Information shown.
Content starts

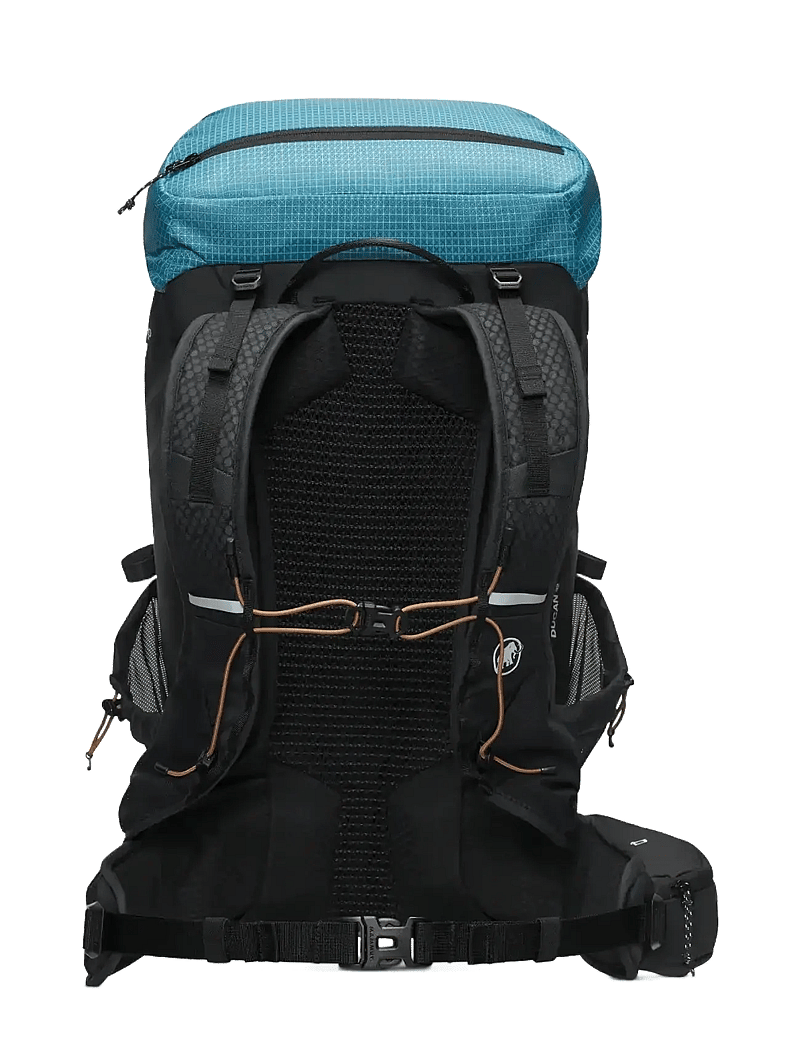 Mammut - Ducan 32 - made with care - sapphire-black - 2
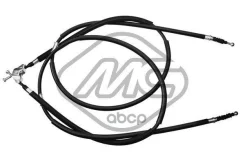 ���� ������� OPL Zafira (B) 1/6-2/0-2/0 DTI-2/2 DTI (DISC Brake) Metalcaucho ���. 82540 82540 ����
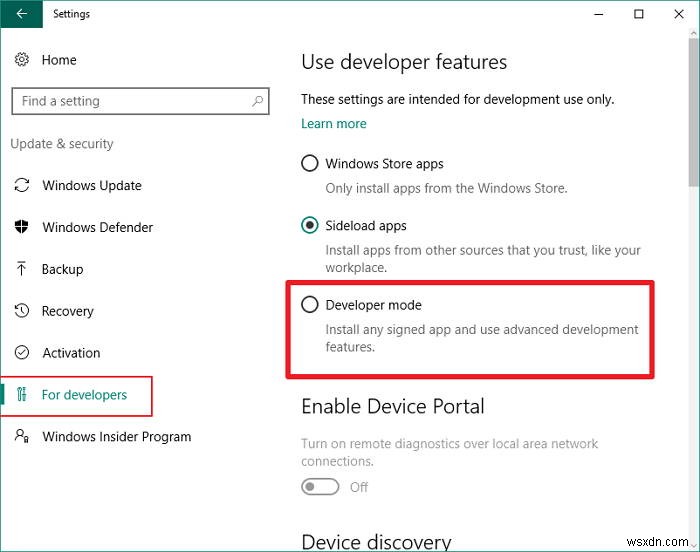 Windows 10에 zsh 및 Oh My Zsh 설치하는 방법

Content ends

What you are asked to do. Copy the listing exactly. Any image in it stays out of the copy.

Finished task.
 Mammut - Ducan 32 - made with care - sapphire-black - 2
 ���� ������� OPL Zafira (B) 1/6-2/0-2/0 DTI-2/2 DTI (DISC Brake) Metalcaucho ���. 82540 82540 ����
 Windows 10에 zsh 및 Oh My Zsh 설치하는 방법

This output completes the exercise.